Asia membenarkan posisi duduknya, ini jelas akan menjadi gosip yang bagus. “Kenapa dia tidak menerimanya?”
“Tidak ada yang tahu kenapa dia menolak.” Lalita tersentak lalu menghentakkan kipas yang dia bawa. “Kenapa kita jadi bergosip, ayo kembali mengingat bagaimana cara memberikan salam.”
Selesai dari kelas etika yang diajarkan Lalita, Asia harus mengikuti kelas etika di meja makan yang diajari Debora. Sebenarnya Asia tidak buta tentang etika makan, tapi kemarin dia hanya ingin membuat Marigold kesal saja.

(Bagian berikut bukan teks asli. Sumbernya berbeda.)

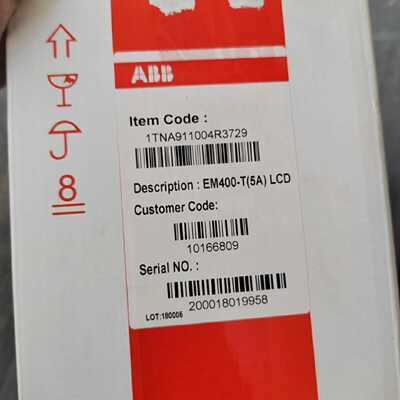 议价EM400-T ABB电力智能监控仪表库存现货实物拍摄顺丰包邮谘询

Alat makan yang tersaji di atas meja makan sangat banyak. Jenis sendok dan garpu saja Asia tidak bisa bedakan apa fungsinya karena terlalu banyak.
“Apa semuanya ini diperlukan?” tanya Asia.
“Ya tentu saja. Ini tidak akan serumit yang kamu pikirkan. Kita bisa belajar dengan pelan-pelan sampai kamu mengerti cara menggunakannya,” kata Debora dengan lembut.
Helaan napas Asia yang terdengar berat membuat Debora tersenyum perihatin. Wajah Asia bahkan terlihat sangat kusut sekali. Dia benar-benar lelah dalam setengah hari ini dan penderitaannya tidak akan berakhir sampai di sini saja karena masih ada kelas-kelas lainnya yang harus Asia hadiri seperti kelas bermain musik, kelas merajut, melukis, dan kelas untuk mengenal lebih dalam tentang teh.